# Florida PD Help



## jnamc (Apr 13, 2005)

Looking for a little help/advice, I am thinking about moving down to Florida (Fort Lauderdale area) at the beginning of the 2007 calendar year. I like many have been struggling to score a position in Mass. and have gotten to the point that I am now looking out of state. 

I have been looking specifically at the Ft. Lauderdale, Broward County and Boca Raton departments (mainly because I would be living in Ft. Lauderdale). I know that there are some Florida officers that visit this site and was hoping that they (or anyone who could answer) could help me out with a few questions.



-how long does the hiring process take? From my research it looks like there is a uniform written and physical test that is accepted by all departments. Is it possible to make 2-3 trips down to get everything squared away or is it better to go down and get a regular job first? Also, if I begin the process while living in Ma how soon should I start if I am not planning to move down there until 2007.



-do many departments work around the schedules for out of state applicants? Or do they just tell you to be there on xyz and if you cant make it then you are done?



-finally, out of the departments I listed is there one that is better than the other?



Thanks I appreciate any feedback.

Jnamc


----------



## PearlOnyx (Jun 28, 2002)

JN,

Check your PM's.


----------



## Mitpo62 (Jan 13, 2004)

Florida is a great place to break in to the field. You will certainly earn every penny!


----------



## PBC FL Cop (Oct 22, 2003)

jnamc said:


> I have been looking specifically at the Ft. Lauderdale, Broward County and Boca Raton departments (mainly because I would be living in Ft. Lauderdale). I know that there are some Florida officers that visit this site and was hoping that they (or anyone who could answer) could help me out with a few questions.




Those are all decent agencies to work for.




jnamc said:


> -how long does the hiring process take?




Its depends on the agency.



jnamc said:


> -do many departments work around the schedules for out of state applicants? Or do they just tell you to be there on xyz and if you cant make it then you are done?

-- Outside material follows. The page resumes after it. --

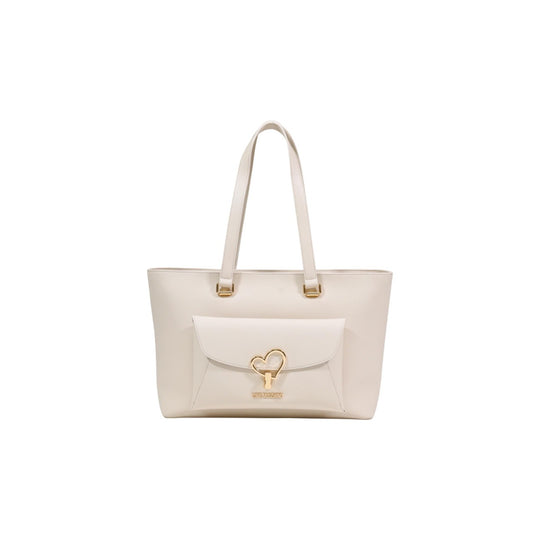 Love Moschino  Women Bag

Alot of agencies will work with you.




jnamc said:


> -finally, out of the departments I listed is there one that is better than the other?




There are good and bad points with any agency.

[/QUOTE]

Good luck, most agencies in South Florida are hiring


----------



## SPS5592 (Nov 8, 2002)

The way in works down here is , you go to an academy at the local college on your own dime(no body sponsors) and then you send out your resume to the departments. Usually there are dept's at the graduations asking the instructors which candidates did well. This is how it works in my county(Pasco,north of Tampa)


----------



## PearlOnyx (Jun 28, 2002)

SPS,

Several state agencies sponsor.


----------



## Guest (Jun 24, 2006)

I know many agencies will sponsor recruits through the academy. There is an interesting article about the competition and need for officers in Florida @ http://www.nbc-2.com/articles/readarticle.asp?articleid=7654.

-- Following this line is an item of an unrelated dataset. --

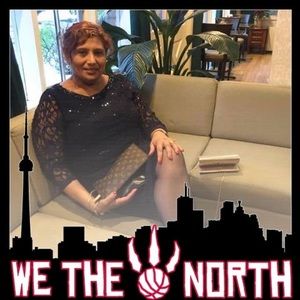 Meet your Posher, Bibi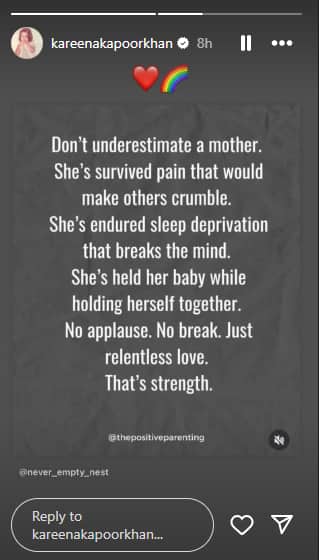 Screenshot 2025-05-11 180345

Does anybody know if the Fort Myers Police Department pays it's employees while they are being trained at the academy?

If anyone has any info on the Fort Myers Police Department or other Southwest FL Depts. please let me know.


----------



## Mitpo62 (Jan 13, 2004)

I worked in Pinellas County for almost 8 years. Great area, lots to do, and they sure will keep you busy. Check out www.policestandards.org for a list of agencies and their requirements. Florida is not a bad place to start; get some great experience and then come home, if that's what you choose.


----------



## Guest (Aug 8, 2006)

Mitpo62, out of curiosity where did you work?

I can't speak for anywhere else in Florida, but I'm in St. Petersburg. Like all things, there are ups & downs to everything... The upside: the departments here are quite modern, good equipment, good funding (compared to Mass anyway), etc. The bad news... You will WORK here. Some of the cities in FL have crime rates that are unreal and the manpower is crap! I haven't been on the street all that long here, and I know that I have experience that some officers would never get in 20 years with other departments.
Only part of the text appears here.